ES slowness and calls taking a long time to return


(T Vinod Gupta) #1

Hi,
I have a single node ES (0.18.7 version) setup. unfortunately, i didn't
change the default config much and it has 5 shards.. and now i have quite a
bit of production data stored on it (12GB). what we are seeing is reduced
throughput over time and search times sometimes as high as few minutes.. im
looking at some help on how to bring the situation under control as we are
constantly indexing data and also serving realtime customer requests.

questions

  1. is it possible to reduce the number of shards from 5 to 2 somehow? does
    that work once the system is already in place?

  2. i read somewhere that it could be due to threadpool pressure. but the
    node stats ( curl -XGET '
    http://localhost:9200/_clustr/nodes/stats?pretty=true') is not giving
    thread pool information. how do i get around identifying the root cause?

  3. my throughput is around 300-400 index calls per sec. how do i make it
    higher?

  4. if i were to optimize such that my gets and search calls are faster, is
    it possible? it can be at the expense of slower index calls.

this is on a dual core machine (ec2 m1.large instance) and i gave ES 4GB
ram. has there been any benchmarking done on ec2 instances.

let me know if any further info is needed.

thanks


(Radu Gheorghe) #2

Hi,

On Saturday, July 7, 2012 3:05:03 AM UTC+3, T Vinod Gupta wrote:

Hi,
I have a single node ES (0.18.7 version) setup. unfortunately, i didn't
change the default config much and it has 5 shards.. and now i have quite a
bit of production data stored on it (12GB). what we are seeing is reduced
throughput over time and search times sometimes as high as few minutes.. im
looking at some help on how to bring the situation under control as we are
constantly indexing data and also serving realtime customer requests.

questions

  1. is it possible to reduce the number of shards from 5 to 2 somehow? does
    that work once the system is already in place?

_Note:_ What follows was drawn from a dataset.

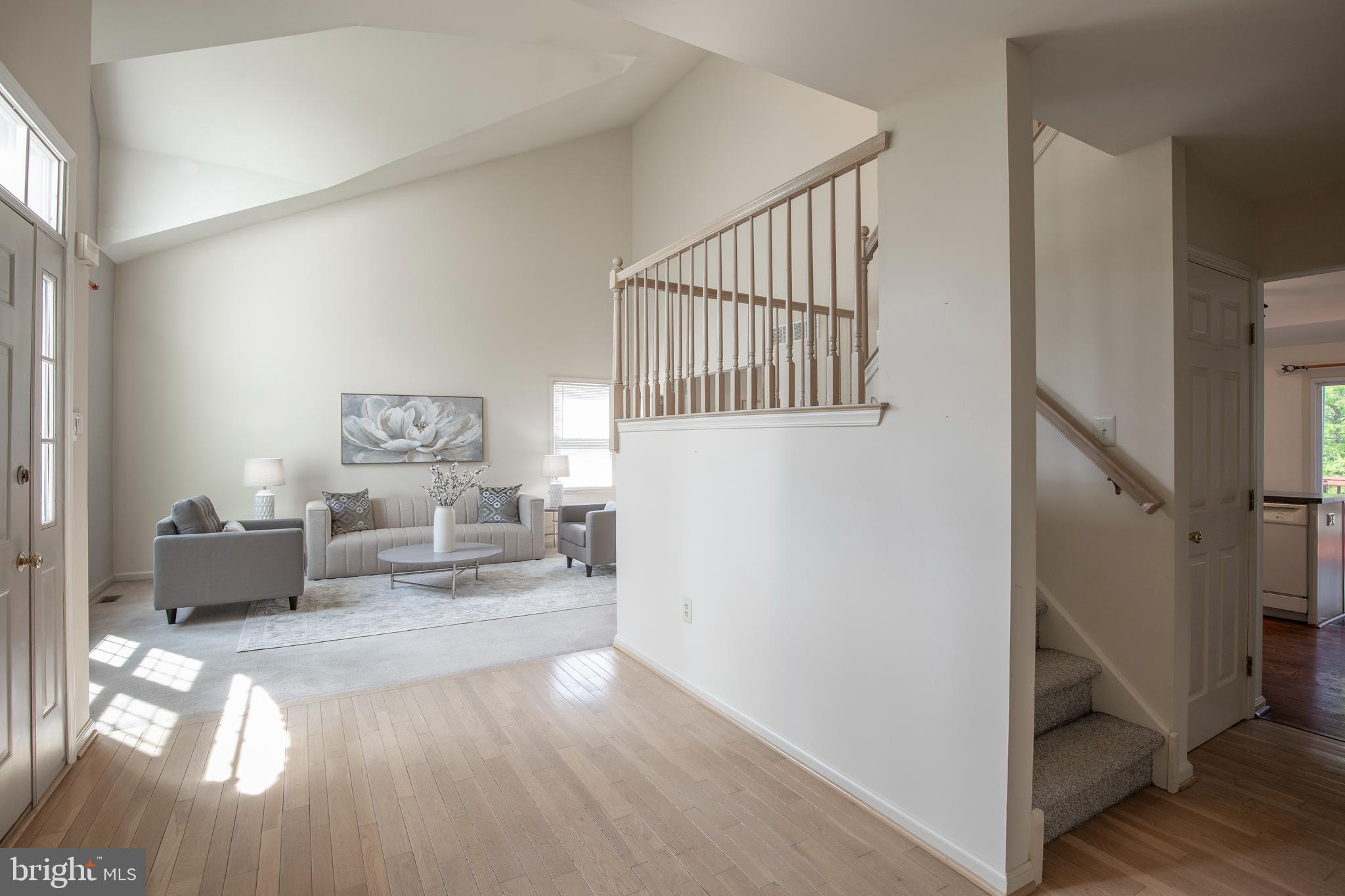 SELSIE VIL - Residential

  2. i read somewhere that it could be due to threadpool pressure. but the
    node stats ( curl -XGET '
    http://localhost:9200/_clustr/nodes/stats?pretty=true') is not giving
    thread pool information. how do i get around identifying the root cause?

I would start by looking at BigDesk and in the logs.

  1. my throughput is around 300-400 index calls per sec. how do i make it
    higher?

It depends a lot on how you data looks like. But increasing the
refresh_interval should always help.

  1. if i were to optimize such that my gets and search calls are faster, is
    it possible? it can be at the expense of slower index calls.

How does your data and searches look like?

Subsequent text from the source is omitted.